Opponents of Proposition 45 on the upcoming California ballot like to draw a comparison with Proposition 103, the state’s primary auto insurance law.
So do its backers.
Prop. 45 seems to have slipped in the polls. A Field Poll in September shows the rate-regulation initiative is still out in front with 41 percent surveyed indicating support versus 26 percent in opposition and many remaining undecided.
The massive proportion of undecided voters is why Prop. 45 isn’t polling as well, say its backers, who argue that it’s still early and many people had not yet heard of the measure, “or are aware there’s even an election coming up.”
With about a month to go expect anyone who watches television, listens to radio or who passes a billboard on the street to be made aware of the proposition as millions of dollars are spent by both sides to get out their message. Also expect Prop. 103 to be thrown into the mix – a lot.
No on Prop 45’s chief spokeswoman has several times compared the initiative – known as the Insurance Rate Public Justification and Accountability Act – to Prop. 103 while highlighting why voters should oppose the measure.
Like Prop. 103 passed in 1988, Prop. 45 would require changes to health insurance rates to be approved by the insurance commissioner.
It would also create a requirement for public notice and hearings on any health insurance rate changes and prohibit health, auto and homeowners insurers from determining policy eligibility or rates based on lack of prior coverage or credit history.
“I think what we saw with Prop 103, which this initiative is modeled after, is that the proponents, namely Consumer Watchdog, made millions of dollars off of these intervenor fees,” said Robin Swanson, a campaign spokeswoman.
Under California’s intervenor process consumer groups can intervene in proceedings for insurance rate increases and decreases and charge a fee for doing so.
The process has been scrutinized by some, including in 2012 when then state Senator Juan Vargas, D-San Diego, called on the California Department of Insurance to review the program.

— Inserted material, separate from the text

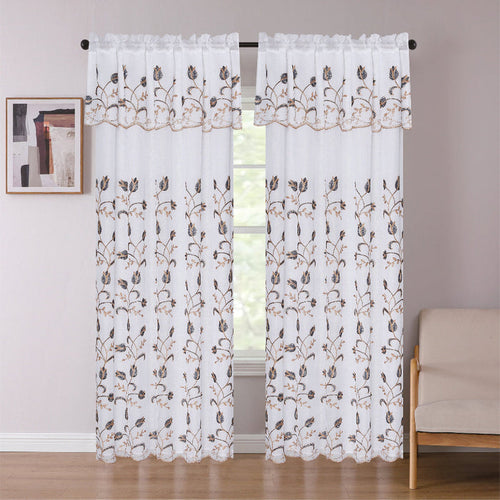 Sheer curtains with floral embroidery in a room with a window and beige sofa.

Dating back to the launch of the program with Prop. 103, Santa Monica, Calif.-based Consumer Watchdog has been the most commonly listed intervenor, charging nearly $9 million for their services, according to CDI’s list of intervenors.
“When outside intervenors are allowed to come in and charge $675 an hour, of course that drives up rates,” Swanson said.
The average number of days for a typical intervenor process is 343 days, she said.
The delays created by the intervenor process will create headaches for those dealing with a finite amount of time allotted to enroll in health plans, Swanson added.
“The truth is they don’t want people to know all of the delays that were created by Prop. 103,” she said, referring to those backing the measure.
The measure would also create “huge operational issues” with those working to implement the changes mandated by the Affordable Care Act, Swanson said.
“California is a model for a successful health exchange, and I think this turns back the clock,” she said.
The measure would also give the insurance commissioner sweeping new powers over the healthcare industry and generate a bureaucratic mess, according to opponents of the measure.
Currently the healthcare industry is overseen by the California Department of Managed Healthcare and the California Department of Insurance.
“It will make insurance more expensive,” Swanson said. “More bureaucracy drives up rates.”
Consumer Watchdog spokeswoman Carmen Balber embraced the Prop. 103 comparison, and argued that it and the intervenor program has saved drivers a great deal in auto insurance premiums.
“If you think that the $100 billion in savings for drivers that has been achieved under Prop. 103 since 1988 is a good thing then you vote ‘Yes’ on Prop. 45 to get the same savings for health insurance policyholders,” Balber said.
“Since 2002 Consumer Watchdog’s challenges to excessive have saved policyholders over $3 billion,” Balber added.
According to Balber, that money goes to pay staff attorneys and to outside experts.
Figuring the ratio between what’s spent on intervenor fees and the savings, Balber said:
“For every $100 in savings our attorneys and outside experts have been paid a quarter. That’s a pretty good deal for consumers.”
The supporters of the proposition include Consumer Attorneys for California, the California Nurses Association and U.S. Senators Dianne Feinstein and Barbara Boxer, as well as California Insurance Commissioner Dave Jones.
Opponents include the California Medical Association, the California Taxpayer Protection Committee, California Citizens Against Lawsuit Abuse and the Independent Insurance Agents & Brokers of California.